Maçtan önce Galatasaray'ın Trabzon'u farklı yeneceğini söyleselerdi kimse inanmazdı.. Ersun Hoca takımını 3 forvetle sahaya sürerek "Kazanmaya geldim" demişti. Skibbe'nin savunmaya Emre Aşık'ı koyması, Meira'yı Ayhan'ın yanına ikinci ön libero olarak itmesi ve Baros'u tek forvet düşünmesi hem sürpriz hem de şaşırtıcıydı. Galatasaray'ın kadro yapısına baktığımızda Skibbe'nin "Önce kaybetmeyeyim" garantisi içinde olduğunu algıladım.
İlk 15 dakikada önde basan, orta alanı kontrol eden, hücumu düşünen bir Trabzon vardı. Ayhan kolay top kaybediyor, solda oynayan Kewell ile sağda görev yapan Arda etkili olamıyordu. Trabzon'da orta alanı SelçukHüseyin ikilisi kontrol ediyordu ama Ersun Hoca Serkan'ı 'joker' olarak kullanıyordu. Emre-Servet ikilisi Gökhan-Umut ikilisini kontrol ederken Serkan göbekten sürpriz adam olarak Galatasaray savunmasının arasına giriyor ve tehlikeli oluyordu.
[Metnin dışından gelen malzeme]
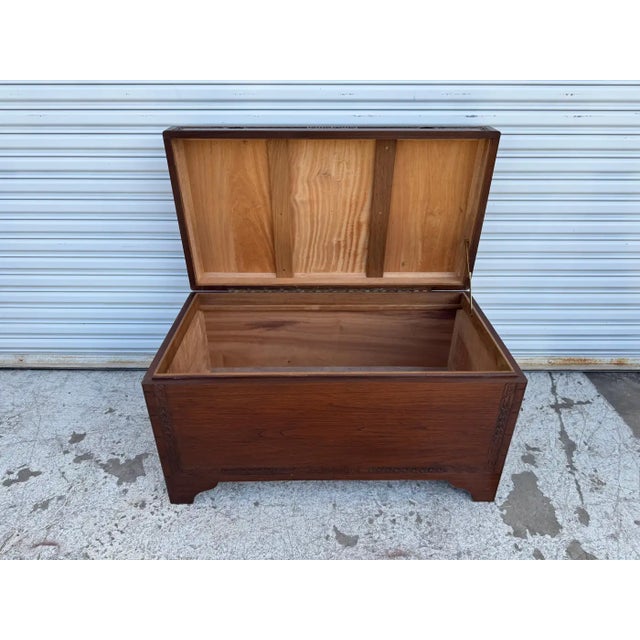 Late 19th Century Asian Themed Carved Teak Cedar Chest For Sale In Houston - Image 6 of 8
Sola geçen Arda Galatasaray'ın durgun ve etkisiz oyununu sihirli bir değnek gibi değiştirdi. Arda ileride top tutup saklamaya başlayınca Galatasaray Trabzon kalesinde çok adamla çoğalmaya başladı. Arda'nın ortasında Baros'un atamadığı gol bir sinyaldi. Ardından sahneye özlenen Arda çıktı. Öyle bir gol attı ki, Tolga uzun boyuna rağmen çaresiz kaldı.
DE SANCTIS ÇOK İYİYDİ Oyunun kontrolünü eline geçiren Galatasaray top yapmaya, hücuma hızlı çıkmaya ve kanatları kullanmaya başladı. Servet'in golünden sonra Trabzon moral olarak sendeledi. Kewell, Baros ve Arda vuruşta acele etmeyip topu kesmeyi düşünselerdi maç ilk yarı farka giderdi.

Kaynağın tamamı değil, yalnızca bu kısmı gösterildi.